Besonderheit des Platzes
Das Gelände des Bad Kissinger Platzes ist, im Verhältnis zu anderen, jedoch relativ klein. Seine Besonderheit bekommt der Platz durch die Umgebung. Er schmiegt sich nahtlos an den angrenzenden Wald an. Aber: „Der Charme des Platzes ist die Saale“, so Westenberg. Sie verläuft entlang vieler Löcher und stellt damit seitlich oder direkt frontale Hindernisse für die Spieler dar. Auch das Clubhaus schafft eine besondere Atmosphäre. „Das alte Gebäude ist mit in die Neuzeit gekommen. Das Flair hat sich allerdings nicht verändert“, beschreibt Venohr das Haus. Die Mitte des Gebäudes wurde originalgetreu erhalten. Ergänzt wurden lediglich zwei Anbauten 1958 und 2010.
Imagewandel des Sports
Das Image, der Golfclub sei nur für elitäre Leute, habe sich gewandelt, stellt Venohr klar. „Mittlerweile ist jedermann willkommen“, betont sie.

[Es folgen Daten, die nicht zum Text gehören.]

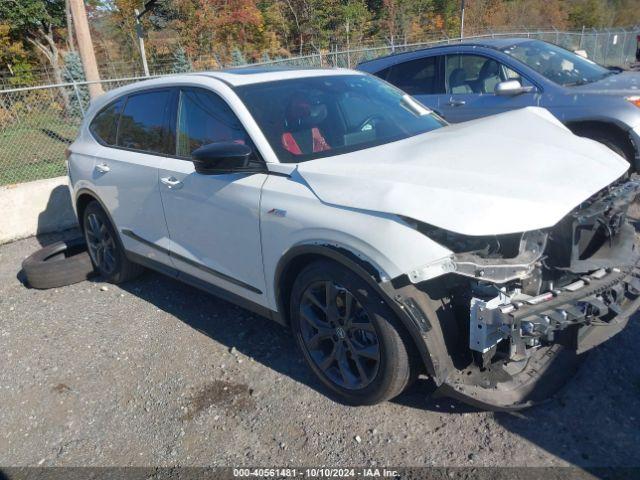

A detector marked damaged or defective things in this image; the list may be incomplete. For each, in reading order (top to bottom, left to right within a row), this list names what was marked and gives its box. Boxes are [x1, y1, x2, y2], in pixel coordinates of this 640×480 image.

damaged front end [396, 176, 640, 408] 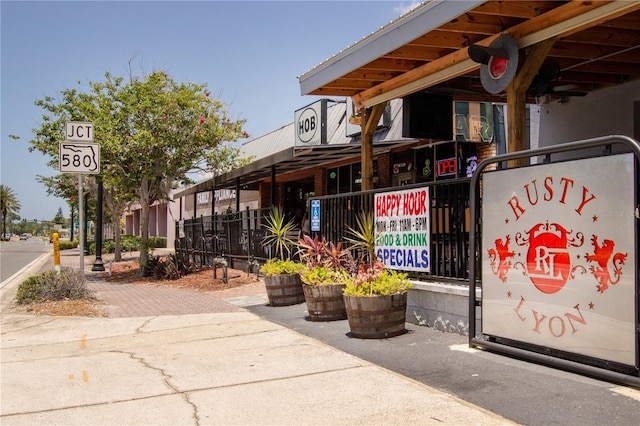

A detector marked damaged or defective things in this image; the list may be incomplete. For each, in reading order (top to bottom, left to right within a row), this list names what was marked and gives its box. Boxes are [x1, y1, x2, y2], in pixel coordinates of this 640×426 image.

rusty lyon sign [482, 153, 636, 366] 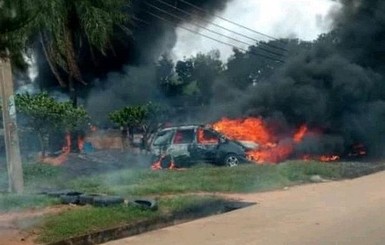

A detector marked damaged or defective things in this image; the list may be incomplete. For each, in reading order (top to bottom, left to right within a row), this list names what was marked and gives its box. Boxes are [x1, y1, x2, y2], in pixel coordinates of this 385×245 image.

burnt car body [148, 125, 252, 167] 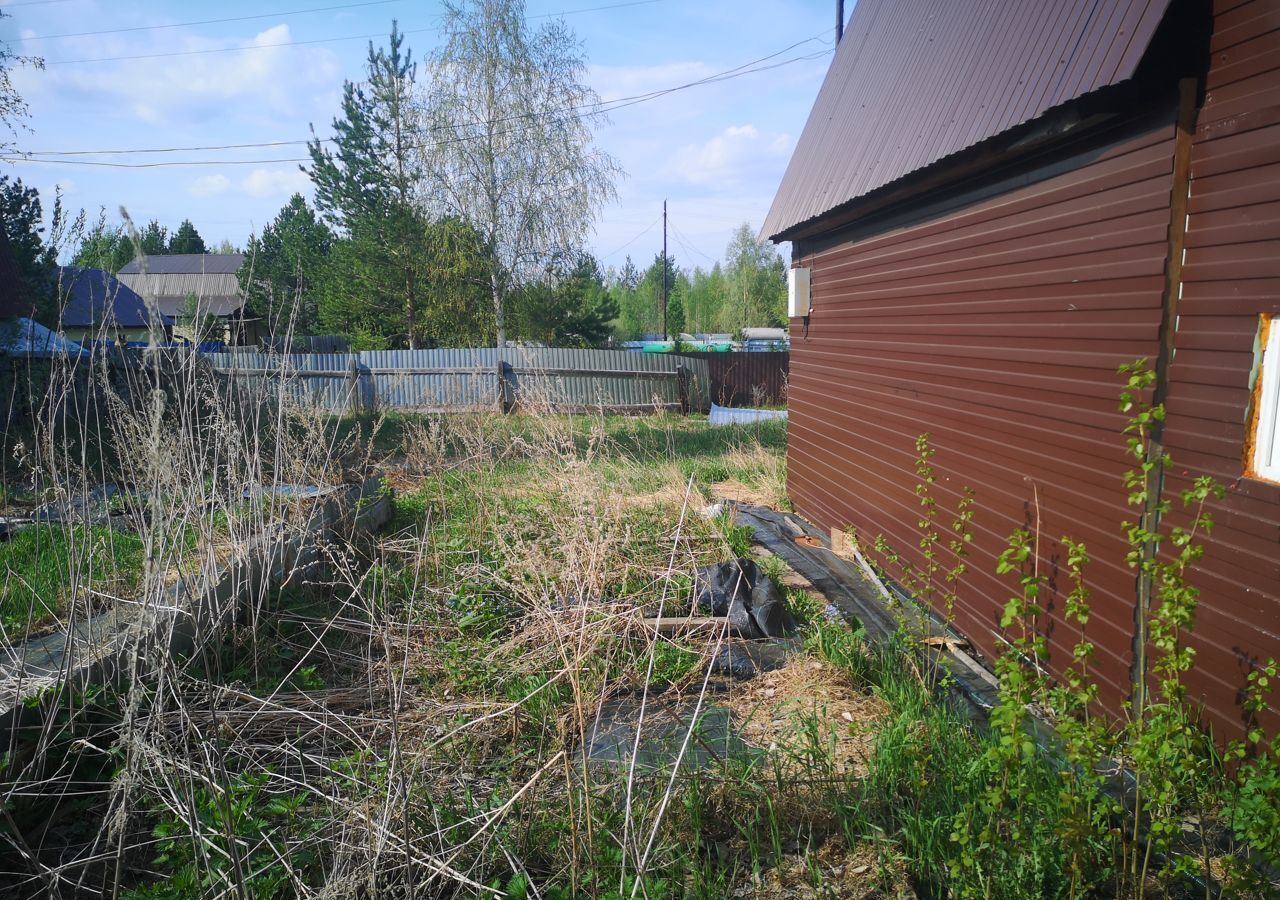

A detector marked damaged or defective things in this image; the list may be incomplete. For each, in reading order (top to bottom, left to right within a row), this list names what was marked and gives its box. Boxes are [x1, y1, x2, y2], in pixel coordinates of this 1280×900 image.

rusty metal sheet [762, 0, 1172, 240]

Während sich die Mitgliedschaft früher hauptsächlich aus der Würzburger Ärzteschaft zusammensetzte, stammen die Mitglieder heute vor allem aus dem Landkreis. „Das Soziale wird beim Golfen komplett unterschätzt. Die Gemeinschaft ist groß.“ Auch Westenberg macht deutlich: „Der Platz ist ein Zufluchtsort für viele Menschen.“
Viele Kriegsflüchtlinge nach 1945 fanden damals Unterstützung im Golfclub. Sie bekamen die Möglichkeit als Caddies am Golfplatz zu arbeiten. Bedeutet: Sie stehen den Spielern mit Rat und Tat zur Seite, tragen beispielsweise die Schlägertasche oder unterstützen den Golfer bei der Schlägerwahl. Venohrs weiß davon zu berichten. Ihr Ehemann Frank Venohr und sein Bruder Peter waren damals zur Flucht aus Ostpreußen gezwungen und fanden schließlich als Caddie Halt am Bad Kissinger Golfplatz.
„Viele Kissinger wissen nicht, was für einen schönen Ort sie direkt vor der Haustür haben“, erklärt Venohr. „Jede Golfrunde ist wie ein Tag Urlaub! Jeder dürfe die Welterbestätte besuchen und sich den Golfplatz ansehen, auch ohne Mitgliedschaft.